__EXERCISE DETAILS__:
Repeat everything from the first line of the listing below through the line that contains "Ръководството на община", exactly. Leave out pictures.

---

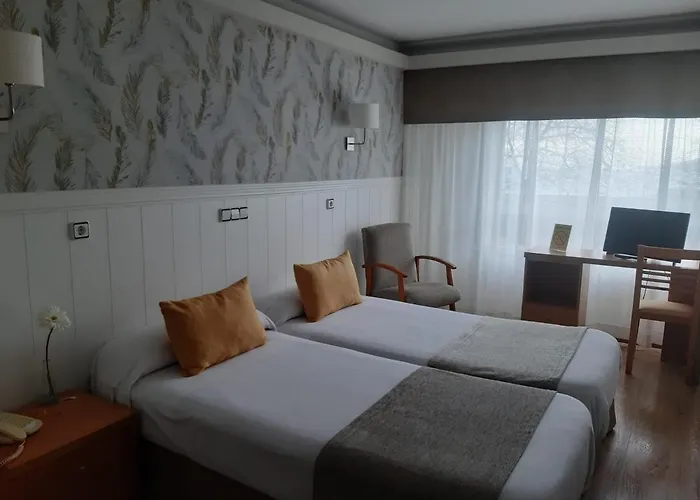 Almirante Hotel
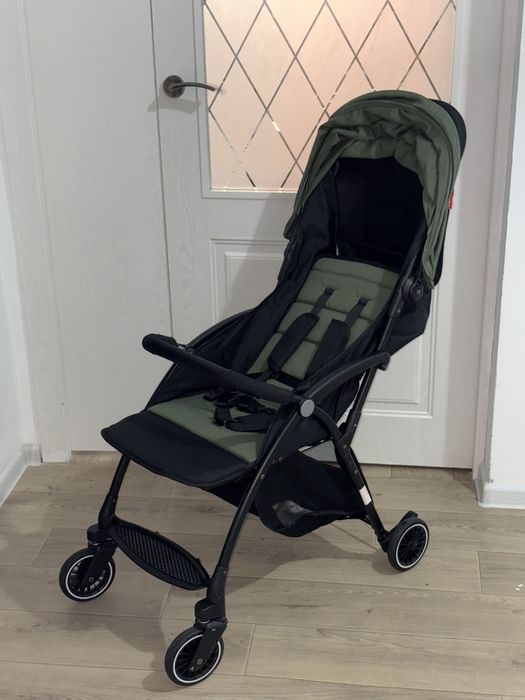 Продам новую коляску
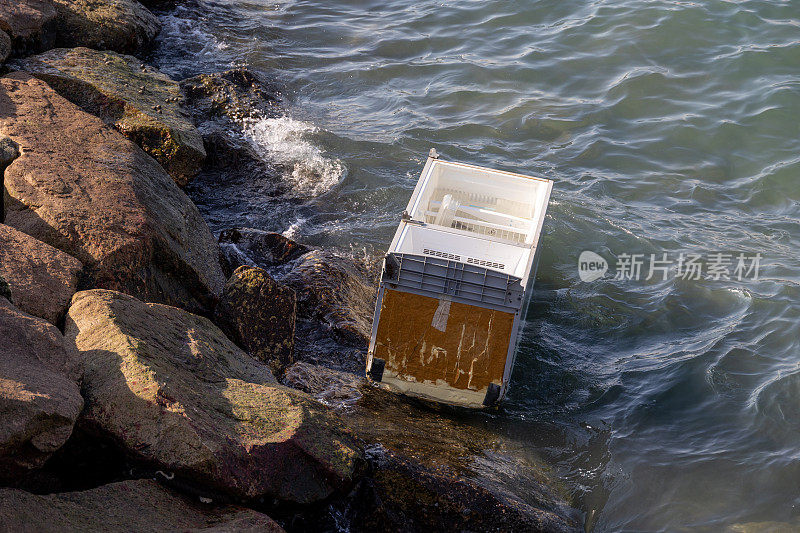 香港维多利亚港的冰箱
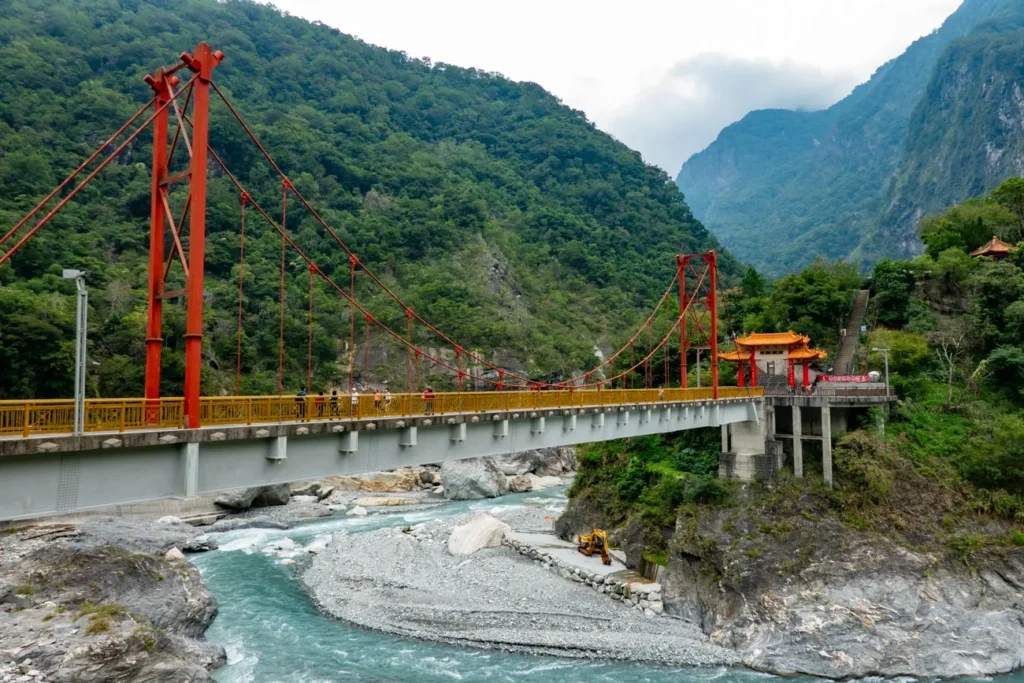 taroko bridge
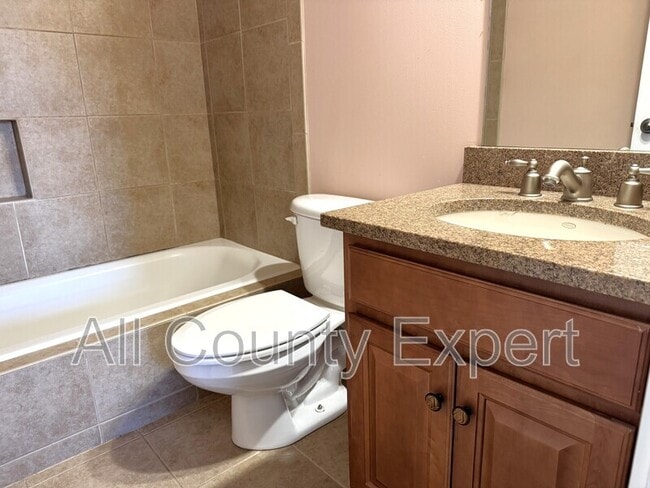 Building Photo - 1520 Vassar Ave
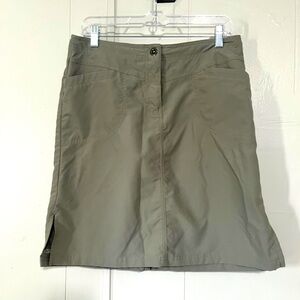 Mountain Equipment Co-op Skirt Women’s Size 8 Sage Green Hiking Camping Nylon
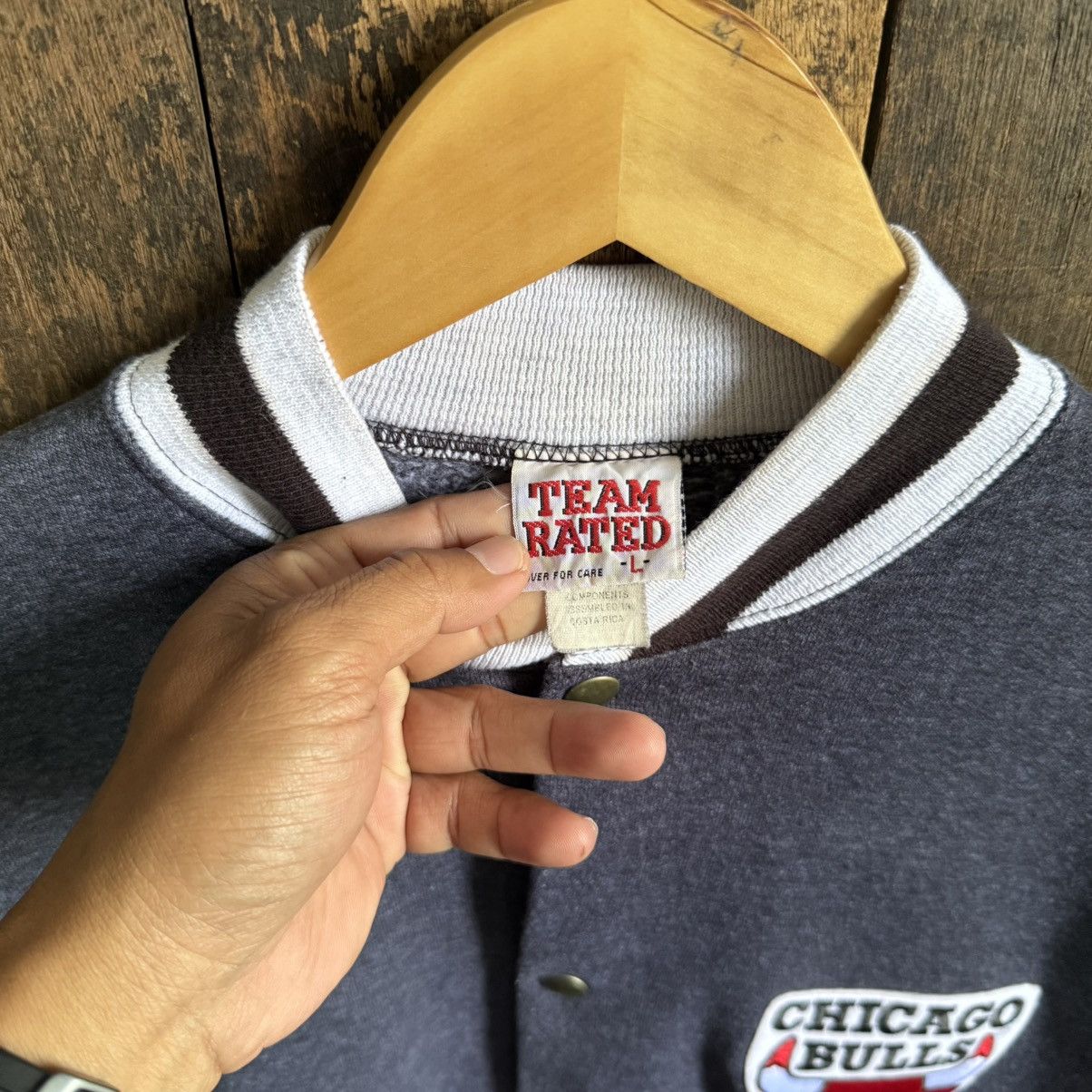 Universal Overall Chicago Vintage 90's Chicago Bulls Varsity Jacket Size US L / EU 52-54 / 3 - 4 Thumbnail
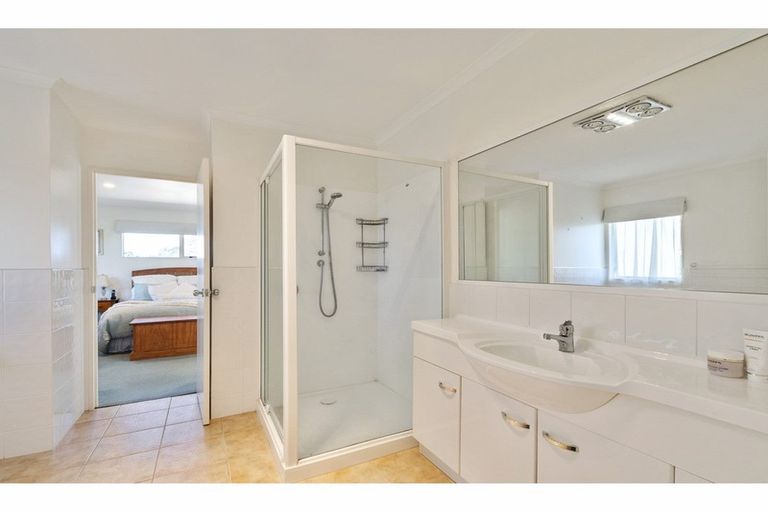 Photo of property in 37 Roys Road, Weymouth, Auckland, 2103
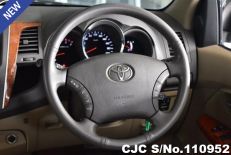 2011 Toyota / Fortuner Stock No. 110952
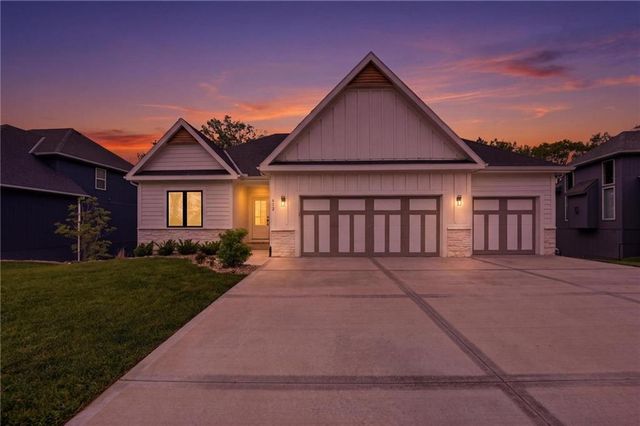 812 Foxglove Lane, Kearney, MO 64060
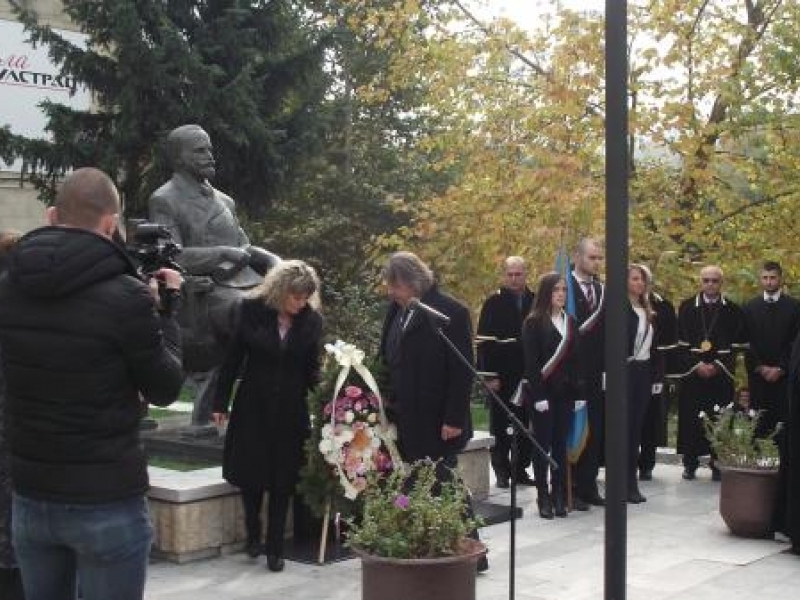 Ръководството на община Свищов уважи патронния празник на СА „Д. А. Ценов“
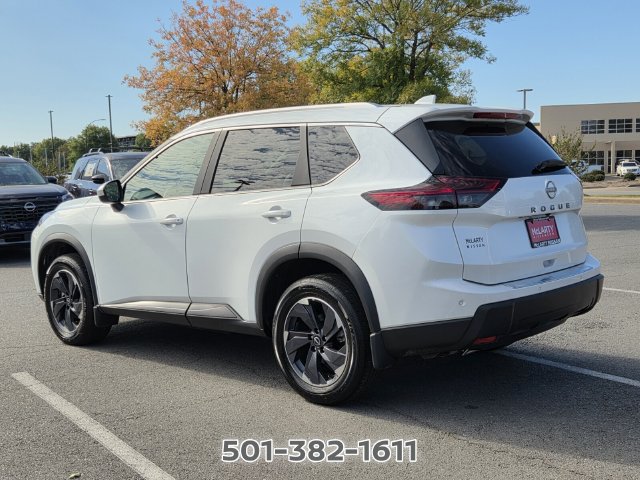 Used 2026 Nissan Rogue SV w/ SV Premium Package FWD image 3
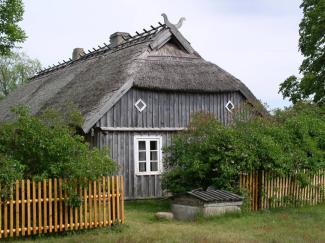 Latvijas Etnogrāfiskā brīvdabas muzeja zvejnieku sēta "Vītolnieki"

---

__RESULT OF THE EXERCISE__:
 Almirante Hotel
 Продам новую коляску
 香港维多利亚港的冰箱
 taroko bridge
 Building Photo - 1520 Vassar Ave
 Mountain Equipment Co-op Skirt Women’s Size 8 Sage Green Hiking Camping Nylon
 Universal Overall Chicago Vintage 90's Chicago Bulls Varsity Jacket Size US L / EU 52-54 / 3 - 4 Thumbnail
 Photo of property in 37 Roys Road, Weymouth, Auckland, 2103
 2011 Toyota / Fortuner Stock No. 110952
 812 Foxglove Lane, Kearney, MO 64060
 Ръководството на община Свищов уважи патронния празник на СА „Д. А. Ценов“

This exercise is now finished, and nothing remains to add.